Sen demişsin ya”Sizin en kötü düşmanınız nefsinizdir” diye. Evet, nefsimden çektim her ne çektiysem. Ona hâkim olamadım. Nefsi arzularıma yöneldim. Belki de hâlâ yönelmekteyim. Keşke sen olsaydın da sen uyarsaydın beni, bizi, ümmetini. Silseydin gözyaşlarımızı. Çünkü ümmetin ağlıyor Ya Resulallah, ümmetin ağlıyor. Kimse yok gözyaşlarını silecek. Ümmetin seni özlüyor, sana hasret Ya Resulallah! Sana hasretimden, özlemimden içimden öyle bir “ah” çekmek geliyor ki. Sanki bu “ah” tüm yeri göğü oynatacak.
Bir de demişsin ki “KİŞİ SEVDİĞİYLE BERABERDİR”. Ben seni çok seviyorum. Ama acaba seninle miyim? Seninle olabilmek, sana yar olabilmek… Allah’ım ne kadar güzel bir şeydir o. Habibine yar olabilmek, sevgilinin sevdiği olabilmek ne kadar da güzeldir. Ben de Habibine yar olsam. Başka ne isterim ki bu dünyadan.
Biliyor musun Ya Resulallah? Ebu Cehiller ölmediler, yaşıyor. Ve daha kim bilir ne kadar Ebu Cehiller doğacak, doğuyor. Ama biliyor musun Ya Resulallah? Ebu Cehillerin yaşadığı gibi Mus’ablar, Bilaller, Yasirler, Ammarlar, Hamzalar ve diğerleri de yaşıyor. Sümeyyeler, Rabialar, Rümeysalar da yaşıyor, yaşayacak inşaallah. Ben de yaşıyorum Ya Resulallah. Ama ben bir Sümeyye, bir Rabia mıyım orasını bilmiyorum.
Bir Sümeyye olabilmek. Tüm mü’minlerin annesi olma şerefine nail olan Sümeyye. Hak yolunda şehit olan hem de ilk şehit Sümeyye.
Ve bir Rabia olabilmek. Allah’ın dostu Rabia. 8 günlük açlıktan sonra hâlâ dünya nimetlerini bir kenara itip Allah’a dayanan, yönelen, O’nu dost edinen Rabia. O uyuduğu zaman dostu uyumayan Rabia.

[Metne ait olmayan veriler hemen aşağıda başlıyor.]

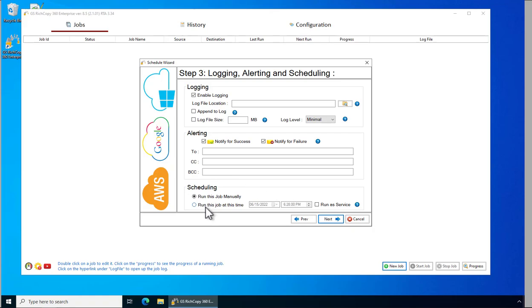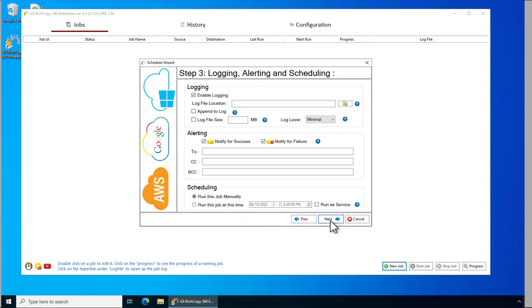And now if you'd like to have the job run at a specific time, you can do so by selecting run at this time. You could select it to run as a service which means it runs in the background. For this example we'll just trigger it manually. Click Next.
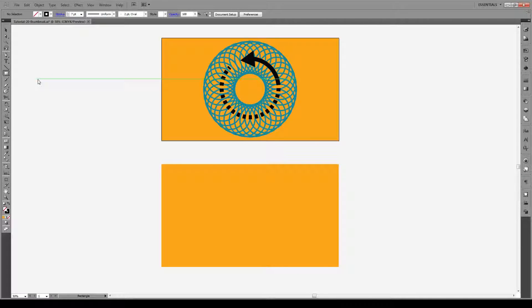Hello everyone and welcome to this tutorial. Today I'm going to show you how to master Illustrator's rotate tool. Before we get started, remember if you have any tutorial requests please write it below as a comment and we'll get on it as soon as we can. If you like this video hit the like button, subscribe and check out our other videos.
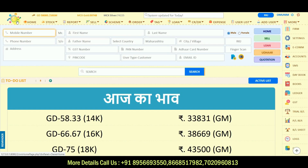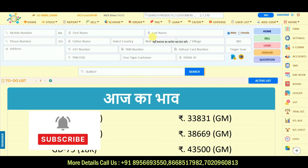So this was all about scheme management. In this way you can manage schemes, apply them to your customers, and manage their accounts through the software. If the video was understandable, please like the video and subscribe to the YouTube channel. Thank you.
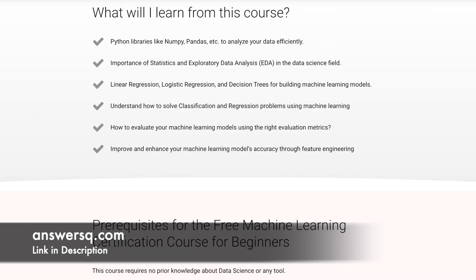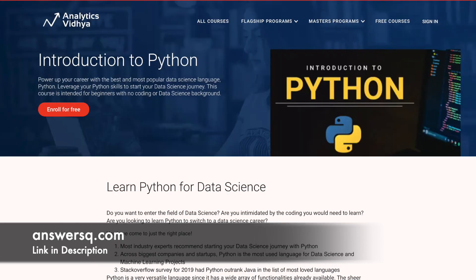Through this course, you will learn about Python libraries, understand how to use machine learning to solve classification and regression problems, the significance of statistics and exploratory data analysis in data science, and much more.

Ve bir Rümeysa olabilmek. En değerli varlığı elinden alınan fakat yine de Allah’a tevekkül eden. Sabreden Rümeysa. Ayak sesleri Cennet’te duyulan Rabia.

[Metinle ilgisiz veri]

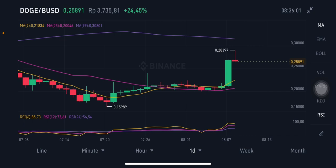Looking at the moving average, it's still far away to the purple one at 0.30. It looks like it could go down again and go to the yellow one — the moving average 7 at 0.21834 US dollar. That's all about it. Don't forget to like, comment, and subscribe. Thank you everyone, bye!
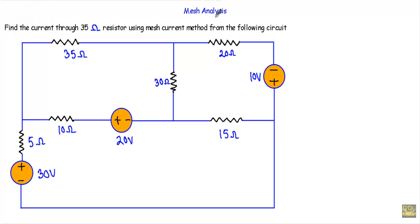In this video, I will show you another example of mesh analysis. Find the current through the 35 ohm resistor using the mesh current method from the following circuit. In this circuit we have a 35 ohm resistor and I have to calculate the current through this 35 ohm resistor using mesh analysis or mesh current method.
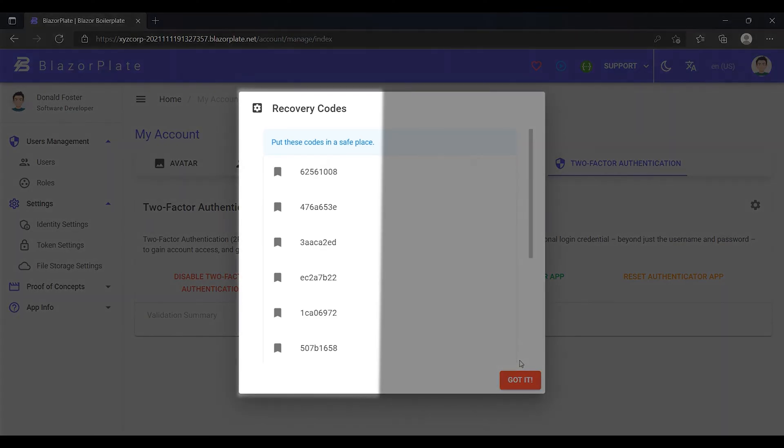Notice that the system also generated some recovery codes. I can use these codes during login if my smartphone is not available at that moment. I'm going to explain how to use these codes later in this episode.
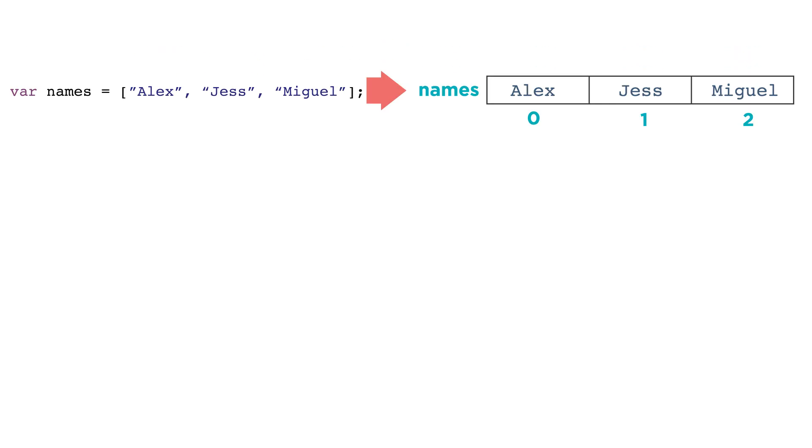To access an individual item from your list, write out the name of the list and the number of the slot you want to access like this. This means give me the item in the list names sitting in slot number two.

Ahh ahh ben de olsam onlar gibi. Ben de olsam şehit. Niye olamıyorum Ya Resulallah niye. Bu kadar zor mu Allah’a dost olabilmek, bu kadar zor mu sana yar olabilmek. Allah’a kul, sana ümmet olabilmek bu kadar zor mu? Değil biliyorum Ya Resulallah, değil. Ama olamıyorum, yapamıyorum. Düşünüyorum. Sensiz olamıyorum. Dayanamıyorum bu hasrete artık. Al beni yanına Ya Resulallah al.
İçimde dolmayan bir boşluk. Ancak ölünce, vuslata erince dolacak bir boşluk.
Bülbülün güle hasreti gibi bende sana hasretim Ya Resulallah. Gülü istediği gibi bende seni istiyorum. O günü, sana kavuşacağım günü, vuslatı bekliyorum. O günü özlüyorum Ya Resulallah. Al beni yanına Ya Resulallah al!.
Ümmetinden bir günahkâr GÖKTEN
Rahman ve Rahim olan Allah’ın adıyla,
Nasıl başlasam bilemiyorum. Peygamber Efendimiz’e mektup yazmak ha! O nerede ben nerede!.. Utandırma Allah’ım! Utandırma Rabb’im. Yardım et bana. Ben Efendimiz’e yazıyorum çünkü.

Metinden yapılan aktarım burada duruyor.